PESO CONTINUES TO SLIDE; BUENAVENTURA DUE BACK TODAY FROM U.S. TRIP
MANILA, August 27, 2003 (STAR) By Rica D. Delfinado - The peso hit a fresh 31-month low against the dollar yesterday, a breath away from its record low due to the seasonal rise in imports and a lean period of inflows from overseas Filipino workers (OFWs).
At the Philippine Dealing System (PDS), the peso slipped to 55.60 to the dollar during intra-day trading, its lowest since Jan. 17, 2001 when it hit a record low of 55.75 amid the turmoil of Joseph Estrada’s forced exit from the presidency.
At the close of trading, however, the peso managed to recover to settle at 55.450 against the greenback, still three centavos lower than Monday’s close of 55.420 to $1.
Traders said the continued weakening of the peso against the greenback prompted investors to unload local stocks, causing the Philippine Stock Exchange (PSE) composite index to tumble by more than 13 points to close at 1,248.85 points yesterday.
Dealers said the peso which has lost nearly seven percent since May, was under pressure from a seasonal rise in imports and falling remittances from expatriate workers.
"From here onwards, the next target will naturally be the all-time low of 55.75," a dealer said.
"Concerns over the peso are growing.
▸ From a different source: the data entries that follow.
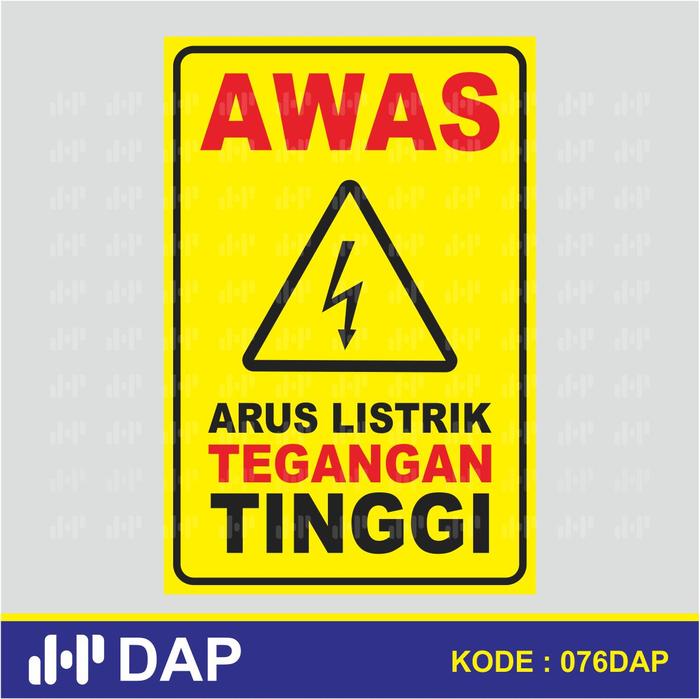 Gambar STIKER PANEL LISTRIK TEGANGAN TINGGI - 0076DAP - VYNIL - RITRAMA - A dari DAP Advertising undefined Tokopedia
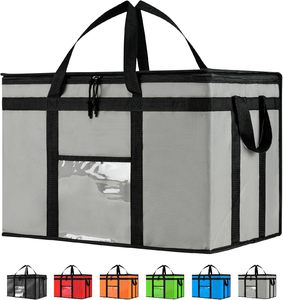 Hot <b>Sale</b> Custom Fashion Print Bbq Food Takeaway Insulated Casserole Holder Cooler Tote Bag Delivery Pizza Bag Print on Demand - Product Image 3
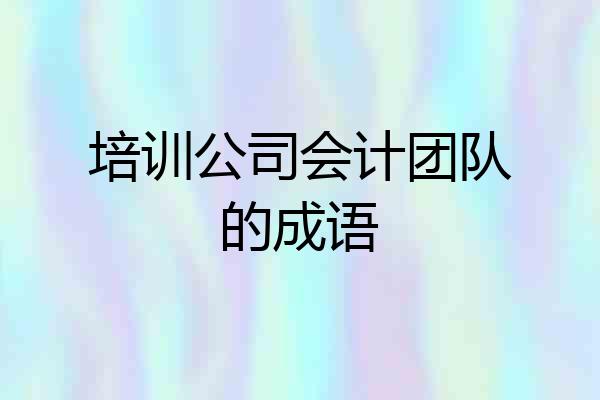 培训公司会计团队的成语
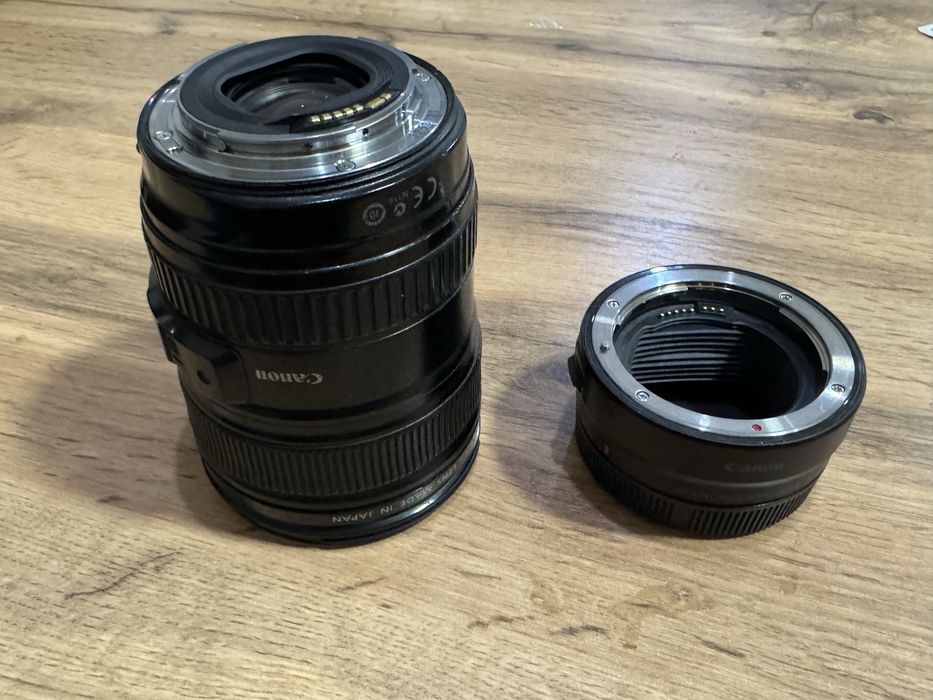 Canon ef 24-105 + rf perexodnik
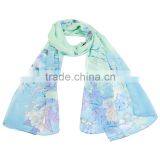 Classic Bird Animal Print Hot Sale Whole Sale Chiffon Scarf In Stock thumbnail-1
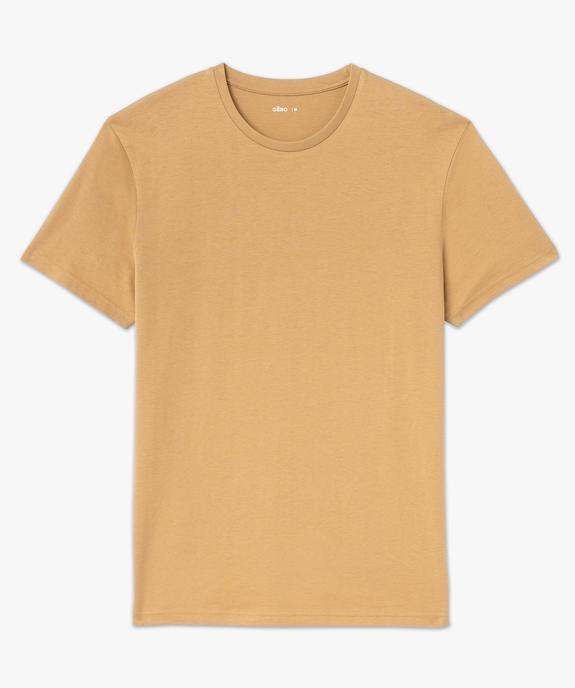 Tee-shirt à manches courtes et col rond homme vue4 - GEMO 4G HOMME - GEMO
There are worries about the possible impact it could have on inflation, the economy as a whole and earnings of companies," he said.
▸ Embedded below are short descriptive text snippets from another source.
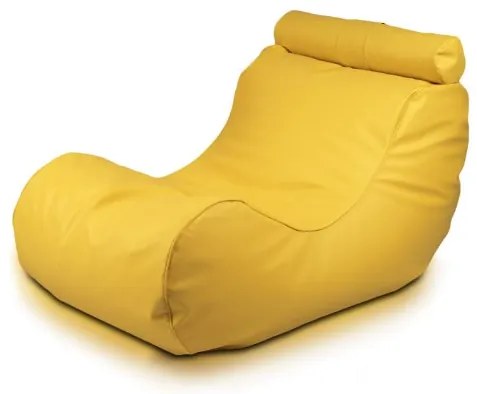 Babzsák nyugágy XL öko-bőr TiaHome - Lime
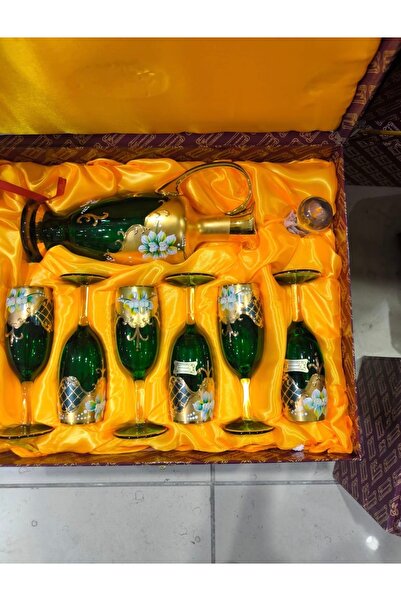 Handmade ESTERHOMEDECOR Mineli kristal set vitrin içi set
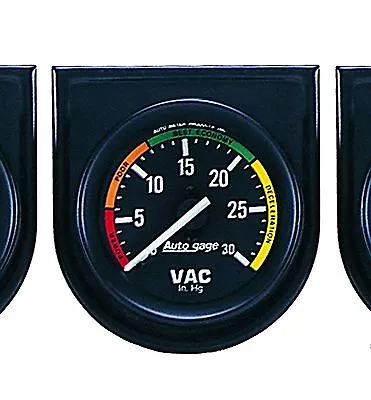 $53.90 • Buy Auto Meter Autogage Vacuum Vac Gauge With Panel 2-1/16 In. (52mm) 30 In. Hg.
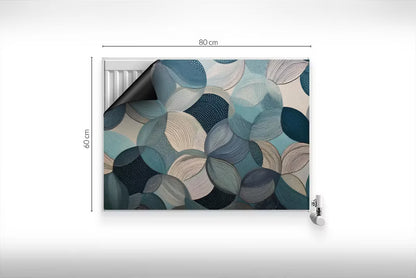 Magnetisk Radiatorskjuler 80x60 cm Cirkler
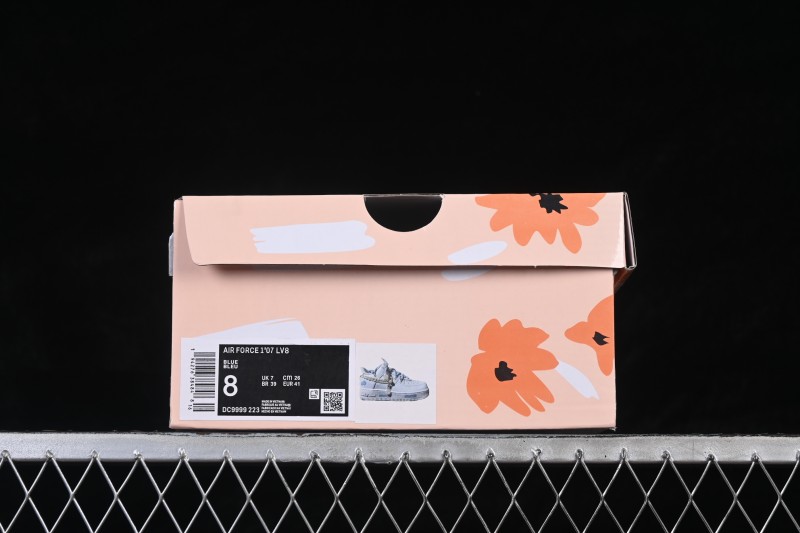 Nike Air Force 1 '07 Low Woven Blue Pastel Casual Skateboarding Shoes - DC9999-223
Dealers said the peso backed up a bit, after some foreign banks were spotted selling dollars. The move sparked speculation the banks were acting on behalf of the Bangko Sentral ng Pilipinas (BSP).
Earlier, BSP Deputy Governor Amado Tetangco said the BSP stood ready to inject dollars into the market should the situation warrant it.
"We will essentially let market forces determine the exchange rate, but the BSP can provide dollar liquidity if necessary," Tetangco said.
The country’s foreign exchange reserves were put under severe pressure during the 1997-1998 Asian financial crisis, which saw the peso depreciate by nearly 50 percent against the greenback.
"On the economic side, demand for dollars is normally higher during the third quarter due to imports and relatively low level of inflows from Filipino contract workers," Tetangco said.
He said the dollar has also been generally strong amid expectations of improvement of the US economy.
Currency dealers have been citing political and security risks concerns for the peso’s continued slide against the US unit. Corporations continued to hedge their future dollar requirements because of these worries, they said.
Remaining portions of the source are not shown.